Lohe verlässt sich auf seinen Berliner Anwalt und will „erstmal abwarten”. Er verweist darauf, dass endlich auch in Düsseldorf eine Stelle zur Aufarbeitung derartiger Fälle von Raubkunst eingerichtet worden ist. Da in der Nazizeit (1933 – 1945) zahlreiche Kunstwerke unrechtmäßig den Besitzer wechselten, haben Bund und Länder in Magdeburg die Koordinationsstelle für Kulturgutverluste eingerichtet. Sie betreibt Provenienzforschung und berät bei Rückgabeverhandlungen. Derzeit prüft sie die Bestände der Kunstsammlung NRW und des Museums Kunstpalast.
„Wir sträuben uns nicht gegen die Rückgabe von Kunst. 2005 ging ein Bild von Dirck Hals an die Erben zurück. Vor kurzem haben wir Arnold Böcklins ´Schlafende Diana´ aus dem Nachlass der jüdischen Bankiersfamilie Behrens im Zuge eines Wiedergutmachungsverfahrens für die Düsseldorfer Gemäldegalerie angekauft,” räumt der Düsseldorfer Kulturdezernent auf Nachfrage ein.

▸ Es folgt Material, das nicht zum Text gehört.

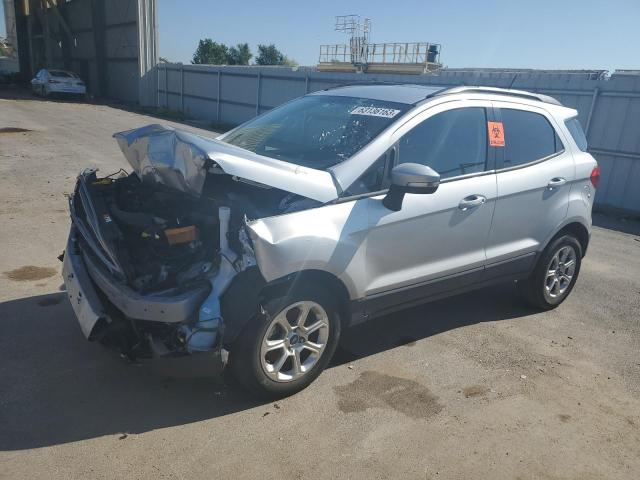 MAJ3S2GE6LC390504 - 2020 FORD ECOSPORT SE SILVER photo 1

Im neuen Museumsführer verweist das Museum Kunstpalast auch auf die „barbarischen Museumssäuberungsaktionen” der Nazis 1937. Nur zwei Jahre nachdem Mignons Stilleben ins Haus kam, gingen bedeutende Werke der Sammlung verloren. Kirchners ´Badende´ und Max Ernsts `Belle Jardiniere` gelten bis heute als verschollen und sind aller Wahrscheinlichkeit nach zerstört. Walter Cohen, der erste Leiter der der Gemäldegalerie wurde 1933 aus dem Dienst relegiert und 1942 im KZ Dachau ermordet.